After fixing the script to work again on ubuntu-18.04 (uncomment the section that installs the build tools in ubuntu). I was able to run it on my Ryzen 2700 / ASUS Prime PRO + 16GB of Crucial DDR4 Unbuffered ECC. After ~36 hours of testing (24 contiguous), all is well (at least when I test from installed ubuntu). I had two lockups when testing from a USB stick. One in kill-ryzen.sh one in memtest86. Not sure why for either. Overall, I am very impressed at this CPU so far. That is as long as the lockups don't happen (my purpose for this system is for a 24/7 fileserver / pvr device that needs to be 100% stable). My thoughts are that it could be that a microcode update is delivered in the installed ubuntu but not delivered in the live usb stick for either. I have not updated the UEFI/BIOS yet and I do see that there have been several updates on that even though my board is very new.
I have not verified that yet. The specification page for the ASUS Prime PRO X470 board says it supports ECC depending on the CPU. I assumed that meant APUs don't have ECC (since other boards mention that). However I did not see any mention of ECC in the manual or the BIOS. memtest86 7.5 did mention that I had ECC but not sure if they were just reading that from the RAM or whether or not it was actually active. I plan to check on that after further testing.
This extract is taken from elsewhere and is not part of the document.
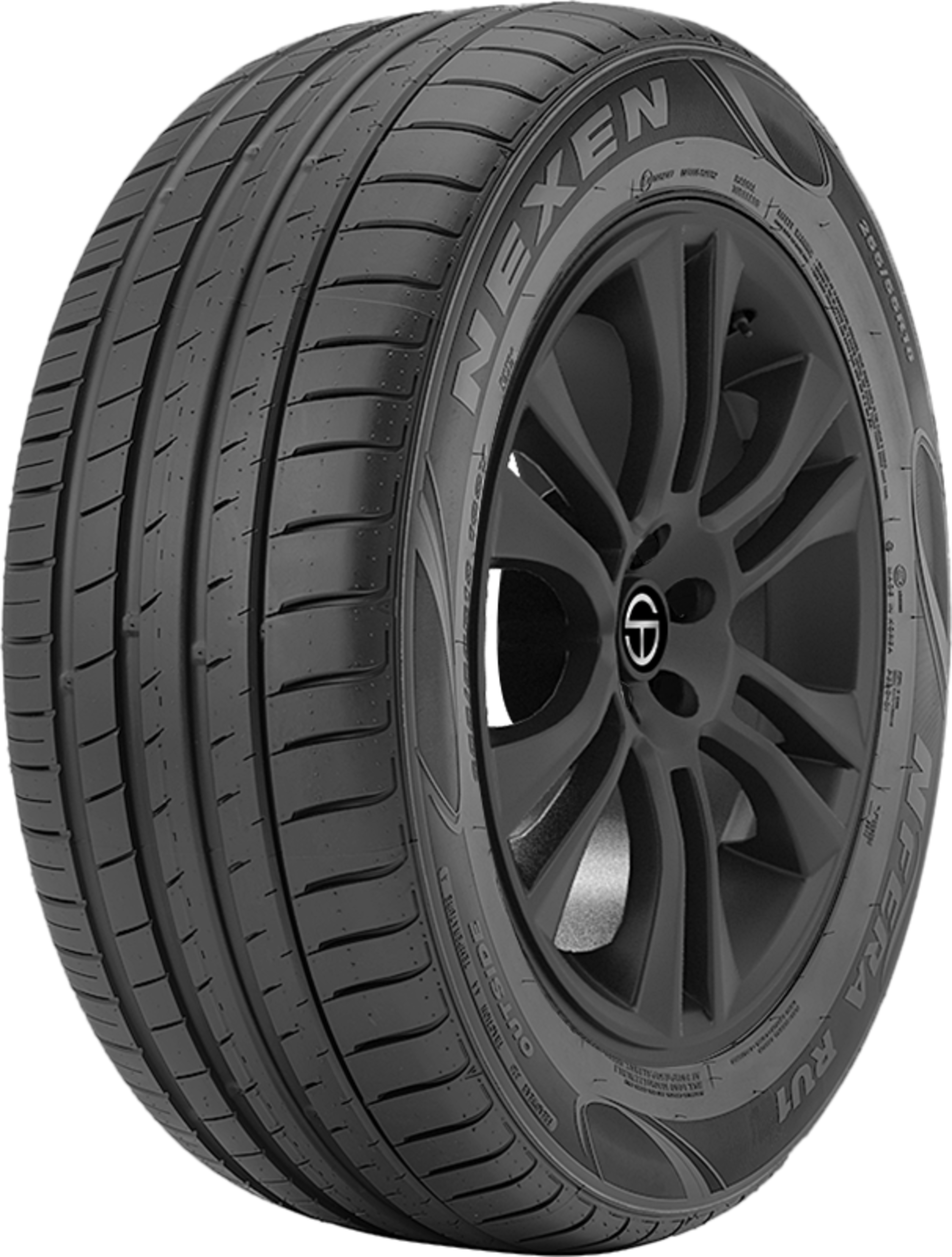 Tire Sidetread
I am still running the kill-ryzen script.
I believe the following means ECC is enabled and in Single bit correction / double bit detection mode.
Here is the linux kernel version
jmd1 ~/shell-scripts # uname -a
Linux jmd1.comcast.net 4.16.13-gentoo-20180603-1145-jmd1.comcast.net #3 SMP Sun Jun 3 11:52:55 EDT 2018 x86_64 AMD Ryzen 7 2700 Eight-Core Processor AuthenticAMD GNU/Linux
This tells me ECC is enabled.
jmd1 ~/shell-scripts # dmesg | grep ECC
[ 8.557846] systemd: systemd 238 running in system mode. (+PAM -AUDIT -SELINUX +IMA -APPARMOR +SMACK -SYSVINIT +UTMP -LIBCRYPTSETUP +GCRYPT -GNUTLS +ACL -XZ +LZ4 +SECCOMP +BLKID -ELFUTILS +KMOD -IDN2 -IDN +PCRE2 default-hierarchy=hybrid)
[ 9.132922] EDAC amd64: Node 0: DRAM ECC enabled.
This tells me there have been 0 errors (I expect that from server experience ECC errors should be rare)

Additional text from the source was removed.